Another asserted that Dwyer had been involved in an attempt to blow up the home of a cardinal in the days before his own death. Again, there was zero evidence, but the story fed a prevailing sentiment that this man was involved in acts of political violence.

Monday’s programme addressed some of the innuendo that had been spread. A video which showed Dwyer and others working out on a shooting range in Santa Cruz was, at the time, provided as further evidence as to his intentions. In the film, Caroline Dwyer visited the range in question, which is housed in a public park, and which supplies the guns for practice. It’s the kind of place that young men full of testosterone would find themselves on a jaunt.

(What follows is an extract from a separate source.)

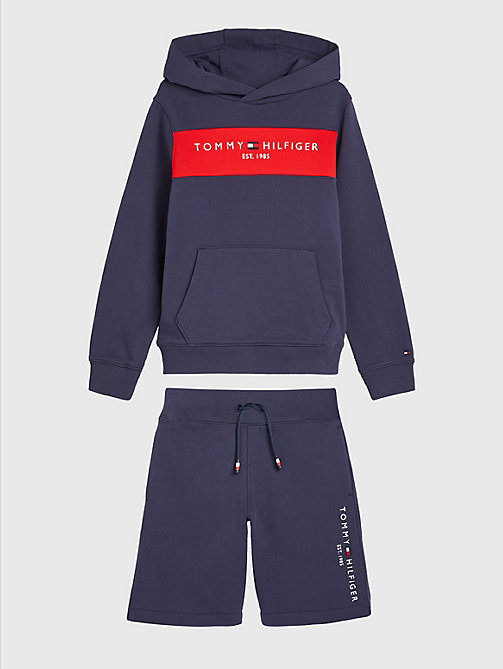 blue essential colour-blocked hoody and shorts set for boys tommy hilfiger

Such a setup would appear ludicrous in this country, but not South America, or even in parts of North America.
One of the photographs which was circulated at the time alleging to show Dwyer in an incriminating pose was exposed in the film as a light hearted moment captured in a Galway nightclub while he was in college.
While some elements of the media suspended customary scepticism about anything coming from official sources, there was a further complicating matter. Dwyer’s brief sojourn as an employee of the security firm protecting Shell in Mayo meant that he was held up as a poster boy for the evil that Shell was allegedly doing.

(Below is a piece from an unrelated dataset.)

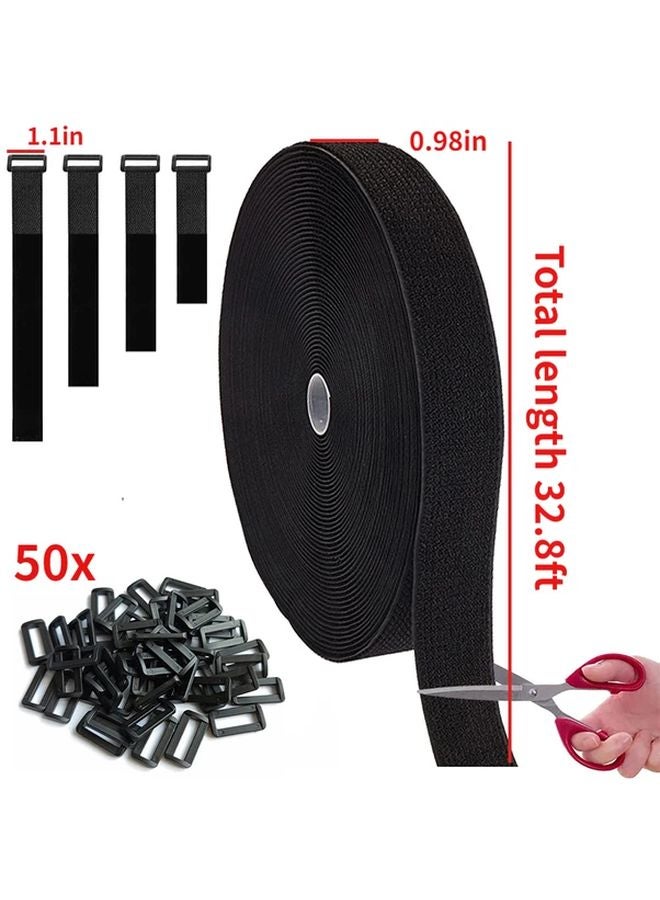 32.8ft Black Reusable Nylon Hook Loop Cable Tape With 50pcs Plastic Buckle Fastening Strap - Image 2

His death and the allegations that emerged about what he was involved in provided “evidence” of links between far right mercenaries and the oil company. This notion was propagated at a time when the Shell To Sea campaign opposed to the on-shore oil refinery in Mayo was losing purchase on the public’s radar.
While the campaigners had a perfectly legitimate — some might say laudable — objective, the use of Dwyer to further their aims was less than edifying. A long article on the now-defunct website Indymedia purported to join up the dots to show the links between Shell, the security firm IRMS, far-right terrorists, and a plot to overthrow a democratic government. The main link in the story was Dwyer.
Some campaigners went further in a demonstration in Galway’s Shop St, displaying the “incriminating” photos of Dwyer at a protest. This occurred in the city where he had lived the life of a typical student until months before his death.

At the time, I wrote an opinion piece in The Sunday Tribune questioning the use of Dywer’s image in this manner at a time when his family were attempting desperately to find out the truth of what happened their son.

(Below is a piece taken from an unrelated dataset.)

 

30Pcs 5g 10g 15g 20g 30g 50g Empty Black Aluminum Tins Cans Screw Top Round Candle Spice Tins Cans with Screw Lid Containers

The response which issued from Shell To Sea described the Indymedia piece as “a first class piece of journalism” and went on the suggest that I was attempting to bury the real story.
“To plead in this context that Dwyer was an Irishman and his mysterious activities must be hushed up for the sake of his family is nothing less than emotional blackmail; it is a sentimental species of self-censorship, a phenomenon that has plagued Irish news-reporting for generations, destroying integrity and blinding understanding.”

Time and the emergence of some evidence in the interim has shown the Indymedia piece to have been an agenda-laden smear.
Questions about Michael Dwyer’s activities in his final months do remain, but the idea that he transmogrified into a deadly soldier of fortune in a matter of months doesn’t stack up.

It now appears that he was done an injustice by a rush to judgment, the blind acceptance of propaganda from the Bolivian government, and attempts to smear him in pursuit of a separate agenda. Neither his memory nor his grieving and confused family deserved that.